━━ TASK DATA ━━

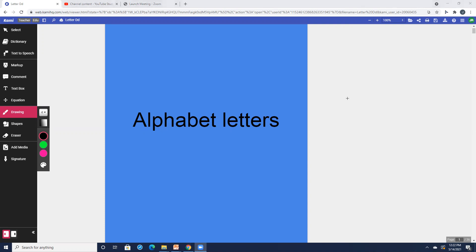Welcome everyone today to our alphabet letters. We will be reviewing another letter in our alphabet. And as always, we are going to begin by saying every letter in the alphabet. So I want you to echo me the name of the letter, the name of the picture, and then the sound that it makes. And I will pause after each one to let you echo me.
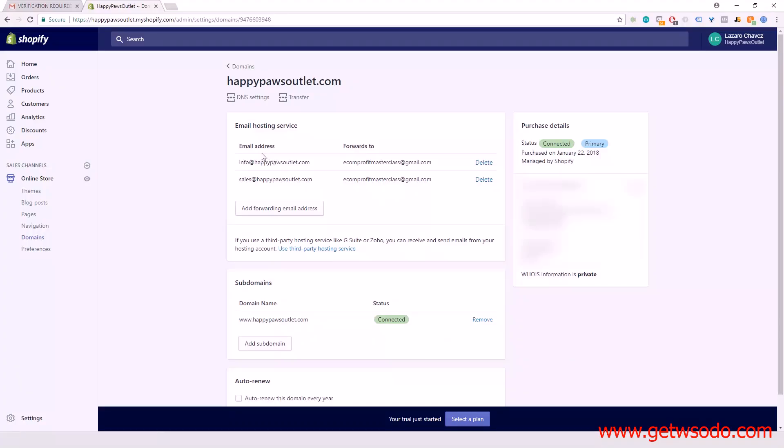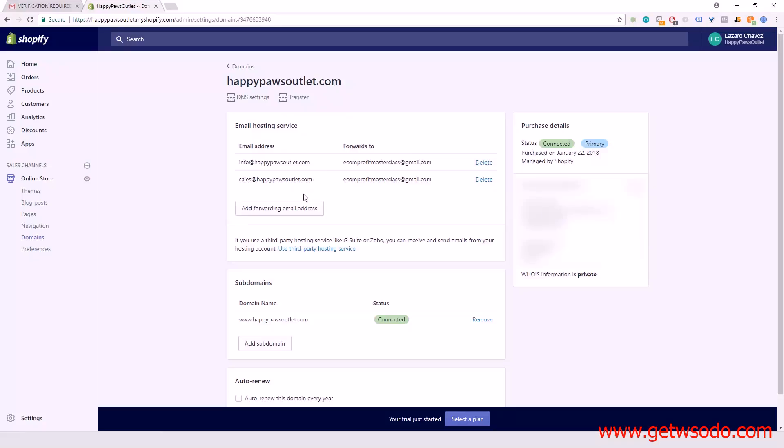Whenever someone sends an email to info@happypawsoutlet.com, it's going to forward that email to ecomprofiitmasterclass@gmail.com. It's basically just forwarding all those emails to our personal Gmail account. This just makes it look a lot more professional on the storefront.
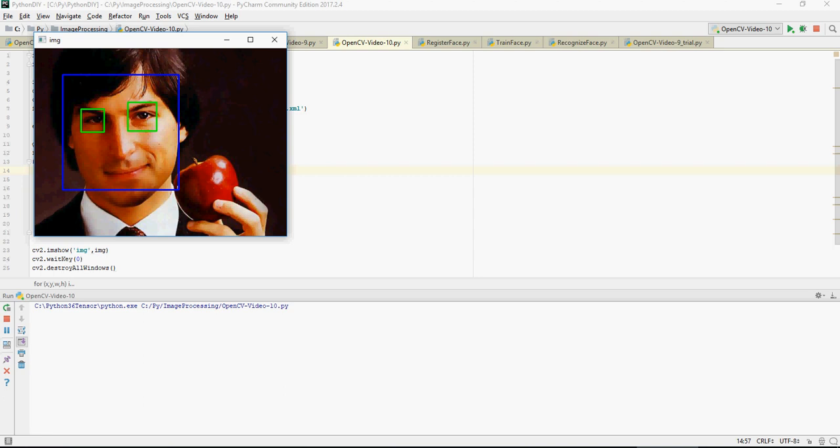In the previous video we discussed how you can identify the face in an image. In this video we're going to talk about identifying eyes in the image, so we'll take the code from the previous video and add to it.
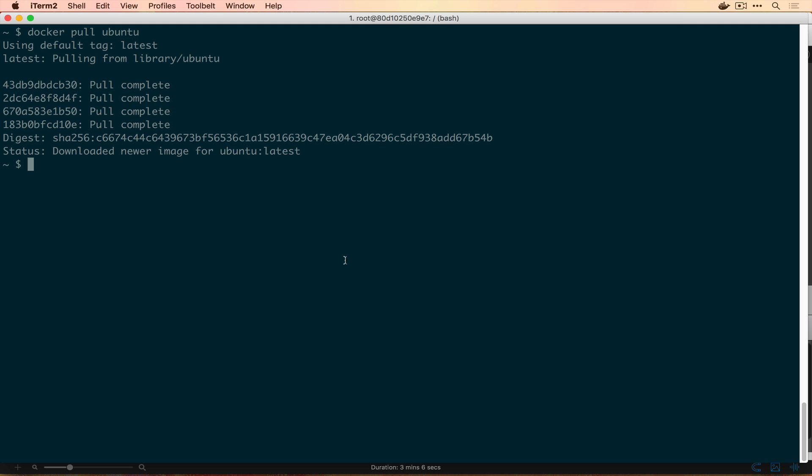Before we go further, let's cover a few terms. Images are pre-packaged bundles of changes made to a file system. Imagine you start with Ubuntu — the bare-bones OS — and then apply changes: install something new or make a configuration change, and that becomes a different image by stacking layers. Containers are probably the most important thing — that's when you take an image and actually run it. We can do that with `docker run`, passing flags to make it interactive, then giving it an image and a command.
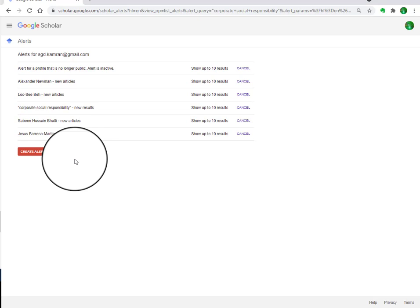So this is how you can create an alert regarding updates on the topic you are interested in. I hope this video will be helpful for you. Thanks for watching.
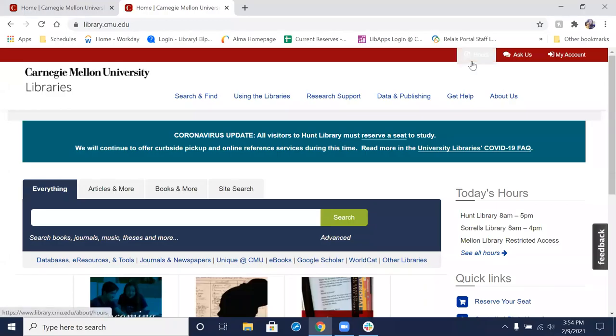Hello everyone, Amy Perrier here, Access Services Manager for the University Libraries, and I am here today with another library how-to. This time I'm going to go over how to access online course reserve materials via the library catalog.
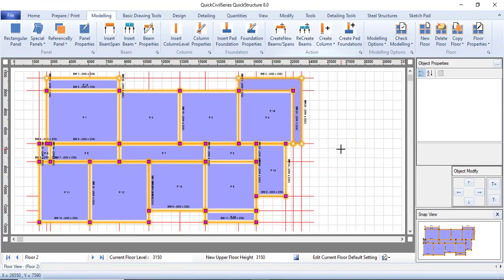Hello everyone, you are welcome to the sixth episode of this course which is Quick Civil series for beginners. In the last episode, what we did was to change the slab type and the edge condition of each slab, and I told you how important that is in the analysis of the structure.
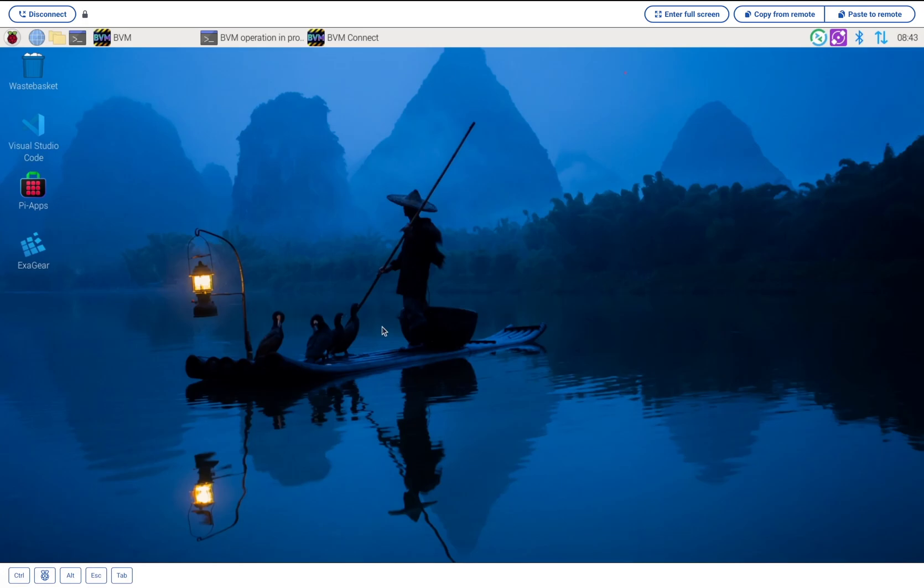They said it couldn't be done - that you could never run serious professional Windows software on a tiny little computer like this. And for years they were absolutely right. But this is an $80 Raspberry Pi 5, and it is running a fully-fledged Windows native trading platform, MetaTrader 5.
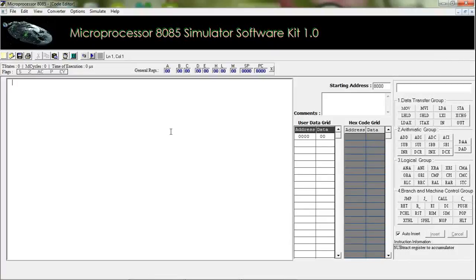Welcome to our channel. Today's tutorial is about some arithmetic instructions of the 8085 microprocessor. Let's start.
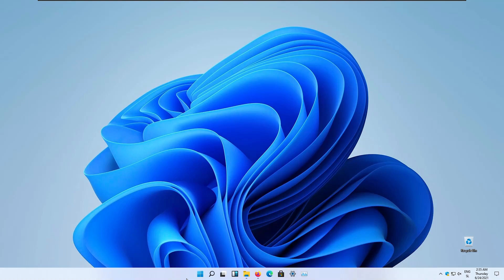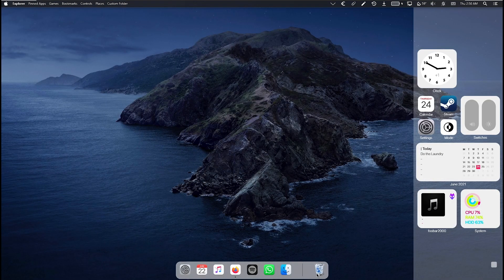Hey guys, the enthusiast here. In this video I will show you how to make your Windows 11 look like macOS, and you will customize your Windows 11 from this to this in just a few minutes. So stick with me till the end of this tutorial for a complete transformation of your Windows 11.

━━━

Omit the pictures; print the records above exactly.

◆ **SOLUTION FOR THIS PROBLEM**
Welcome everyone today to our alphabet letters. We will be reviewing another letter in our alphabet. And as always, we are going to begin by saying every letter in the alphabet. So I want you to echo me the name of the letter, the name of the picture, and then the sound that it makes. And I will pause after each one to let you echo me.
Whenever someone sends an email to info@happypawsoutlet.com, it's going to forward that email to ecomprofiitmasterclass@gmail.com. It's basically just forwarding all those emails to our personal Gmail account. This just makes it look a lot more professional on the storefront.
In the previous video we discussed how you can identify the face in an image. In this video we're going to talk about identifying eyes in the image, so we'll take the code from the previous video and add to it.
Before we go further, let's cover a few terms. Images are pre-packaged bundles of changes made to a file system. Imagine you start with Ubuntu — the bare-bones OS — and then apply changes: install something new or make a configuration change, and that becomes a different image by stacking layers. Containers are probably the most important thing — that's when you take an image and actually run it. We can do that with `docker run`, passing flags to make it interactive, then giving it an image and a command.
So this is how you can create an alert regarding updates on the topic you are interested in. I hope this video will be helpful for you. Thanks for watching.
Hello everyone, Amy Perrier here, Access Services Manager for the University Libraries, and I am here today with another library how-to. This time I'm going to go over how to access online course reserve materials via the library catalog.
Hello everyone, you are welcome to the sixth episode of this course which is Quick Civil series for beginners. In the last episode, what we did was to change the slab type and the edge condition of each slab, and I told you how important that is in the analysis of the structure.
They said it couldn't be done - that you could never run serious professional Windows software on a tiny little computer like this. And for years they were absolutely right. But this is an $80 Raspberry Pi 5, and it is running a fully-fledged Windows native trading platform, MetaTrader 5.
Welcome to our channel. Today's tutorial is about some arithmetic instructions of the 8085 microprocessor. Let's start.
Hey guys, the enthusiast here. In this video I will show you how to make your Windows 11 look like macOS, and you will customize your Windows 11 from this to this in just a few minutes. So stick with me till the end of this tutorial for a complete transformation of your Windows 11.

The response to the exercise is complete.